We can see that the discoveries in the iid case are concentrated in the later time periods, but do accurately correspond with signals and nulls. An issue here is that the earlier signals are not identified. This is because the earlier e-values have not yet “exploded.”

# Inputs
fdr_overall = 0.2; fdr_gr = 0.3

# Levels of FDR control
alphas = c(fdr_overall, fdr_gr)

# Specify groups
groups = cbind(1:length(Pvec_dep), 
               c(1,2,3,4,1,2,3,4,1,2,3,4,1,2,3,4,1,2,3,4))

# Find discoveries
Discoveries1_dep = pfilter(Pvec_dep,alphas,groups)

# Print
Discoveries1_dep

In the Pvec_dep case, we see that we have no discoveries at the specified levels of alpha. As we saw before, this is because (i) the p-values are already very high and (ii) the additional layer of FDR control (group-specific and overall) takes its toll. Alternatively, we could adjust our alpha values. However, it is also important to note that our simulation sample is very small and therefore the sequential dependence relationship has little room to “unfold”. In a real-world scenario, the sequential dependence relationship would likely become more pronounced over more time periods.
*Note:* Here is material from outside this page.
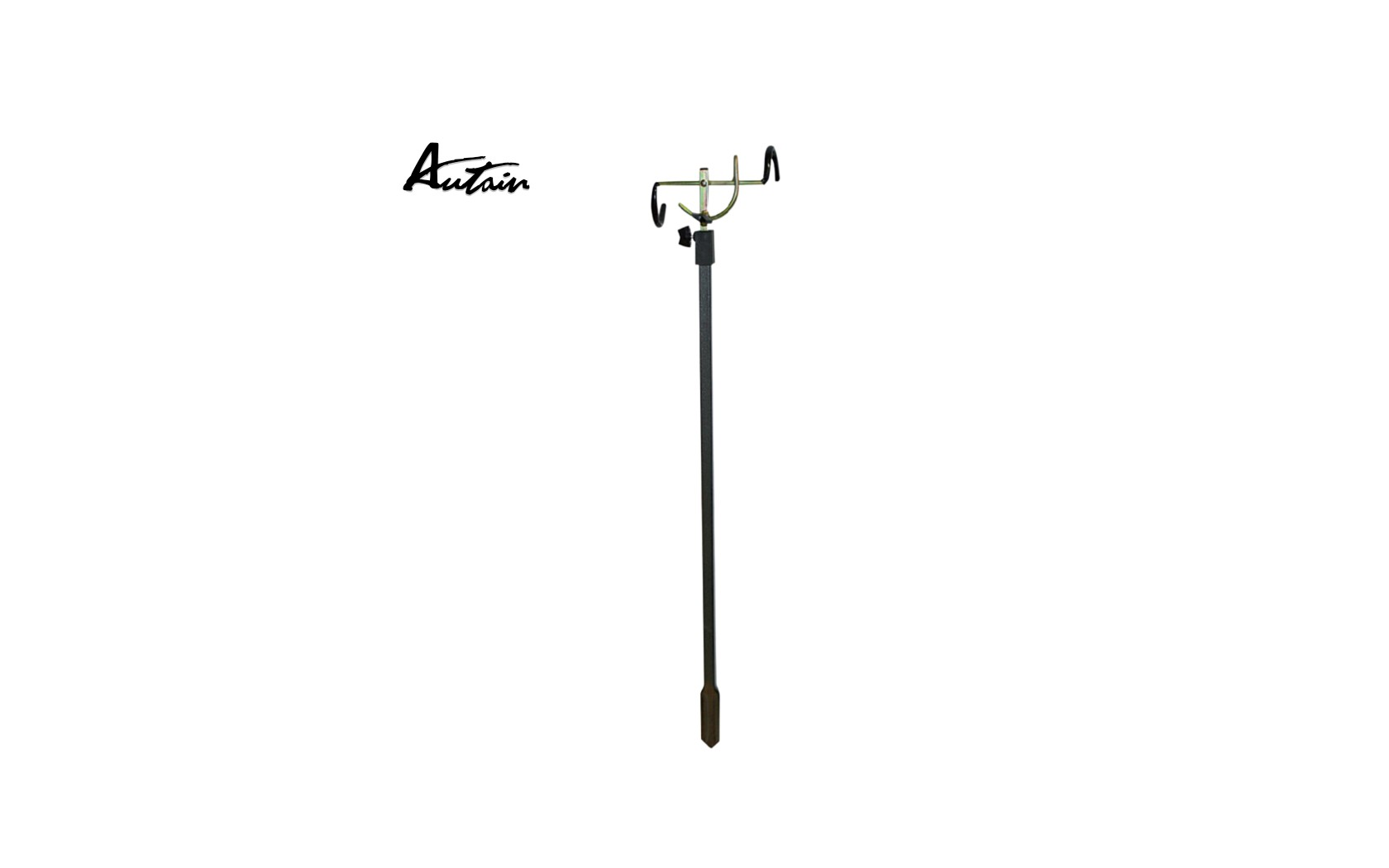 Support Canne TXII 50-90 cm  Autain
All in all, this simulation is an example of how difficult it is to conduct valid inference under dependence. P-values come with a precise probabilistic meaning, but fail under dependence. E-values are heavily context-dependent and can be harmful in the wrong application, but allow for flexibility under dependence. Future research in the replicability and use of of e-values under dependence sounds very intriguing to us after conducting this project.